#### EXERCISE DIRECTIONS
Exactly as they stand, give the records below again, with no images.

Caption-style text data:

----

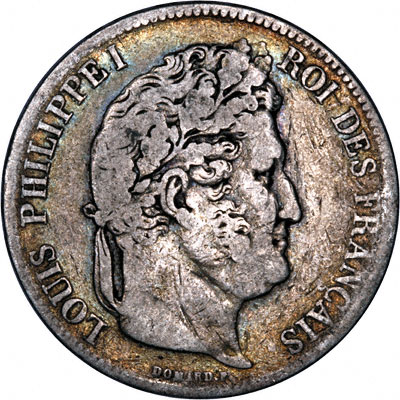 Reverse of 1835 French Silver 5 Francs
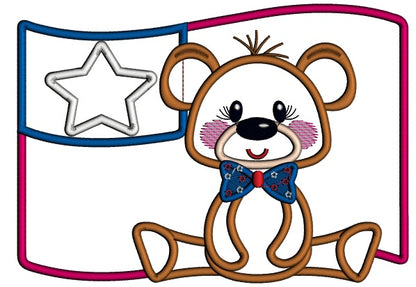 4th Of July Bear With Big American Flag Applique Machine Embroidery Design Digitized Pattern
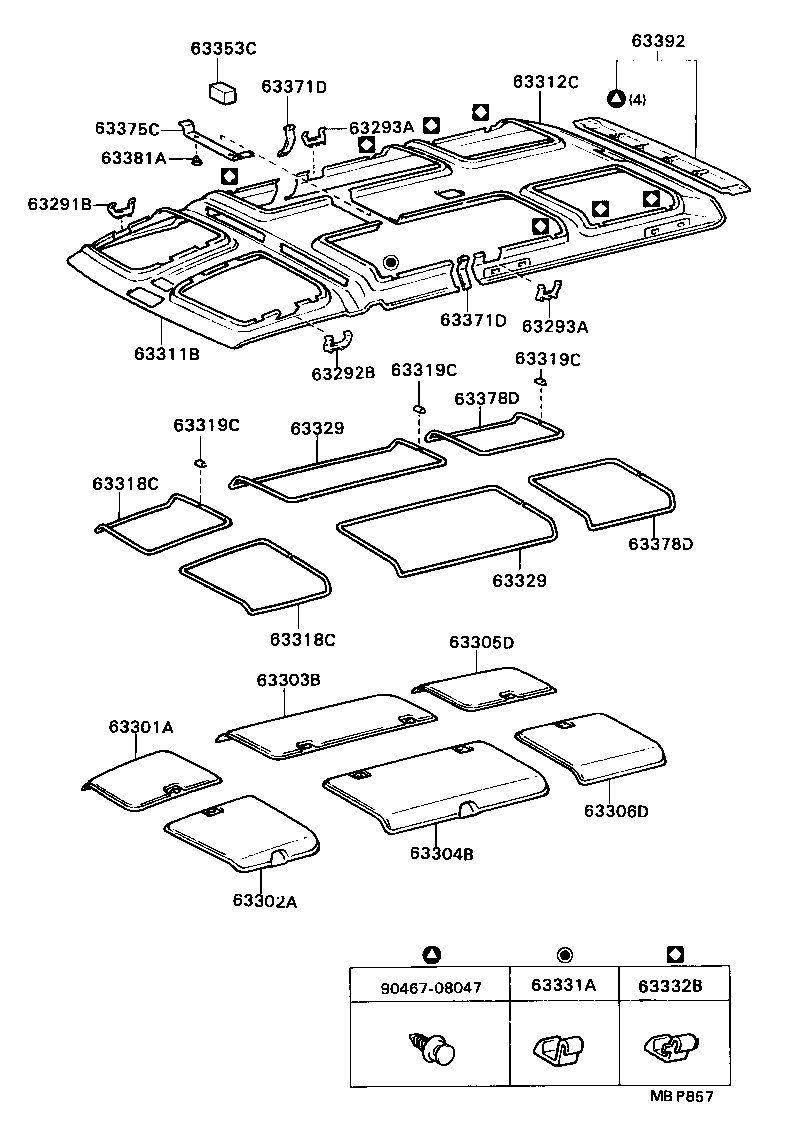 63293-87002-06 GARNISH, ROOF WINDOW LOCK, NO.2 RH product image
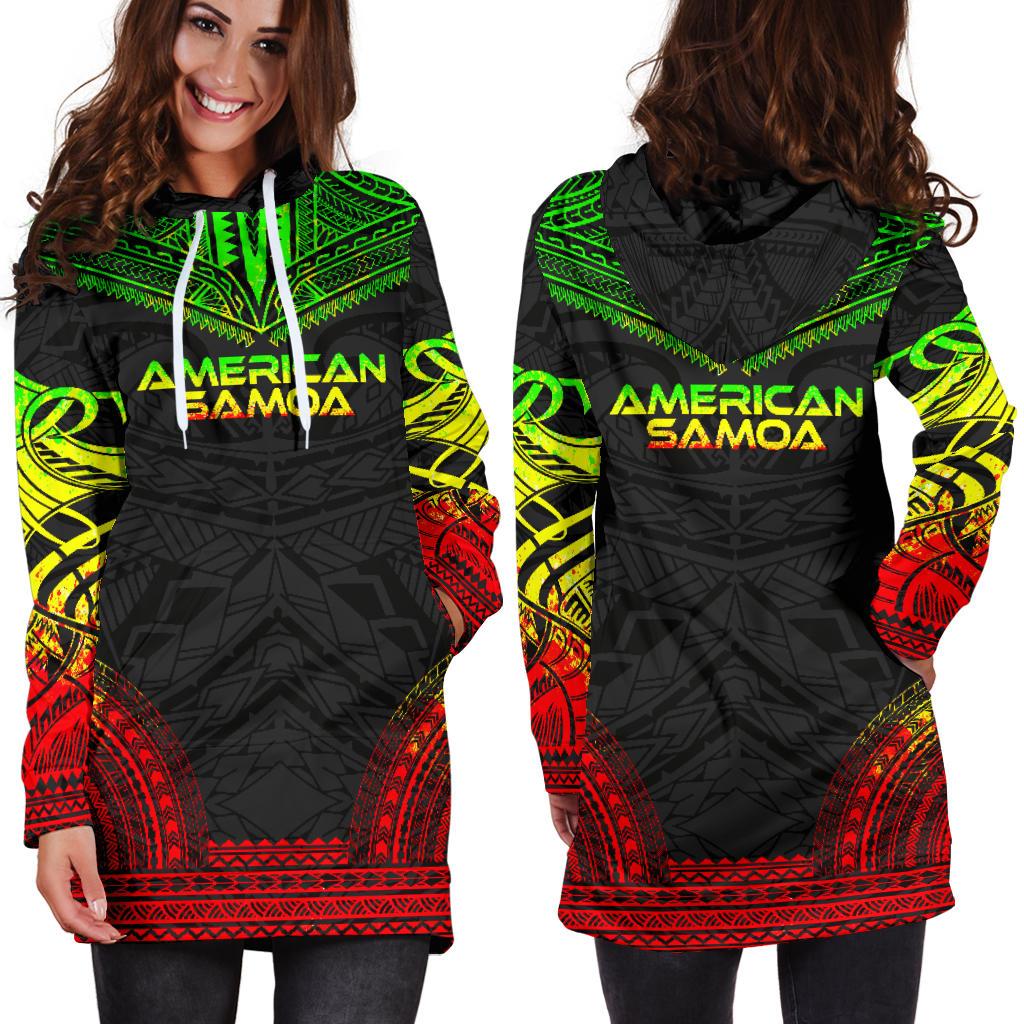 American Samoa Women's Hoodie Dress - Polynesian Reggae Chief - Polynesian Pride
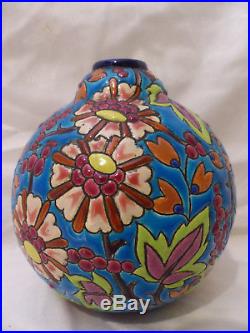 Superbe Emaux de LONGWY vase boule art déco ANCIEN no copie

----

#### EXPECTED ANSWER
 Reverse of 1835 French Silver 5 Francs
 4th Of July Bear With Big American Flag Applique Machine Embroidery Design Digitized Pattern
 63293-87002-06 GARNISH, ROOF WINDOW LOCK, NO.2 RH product image
 American Samoa Women's Hoodie Dress - Polynesian Reggae Chief - Polynesian Pride
 Superbe Emaux de LONGWY vase boule art déco ANCIEN no copie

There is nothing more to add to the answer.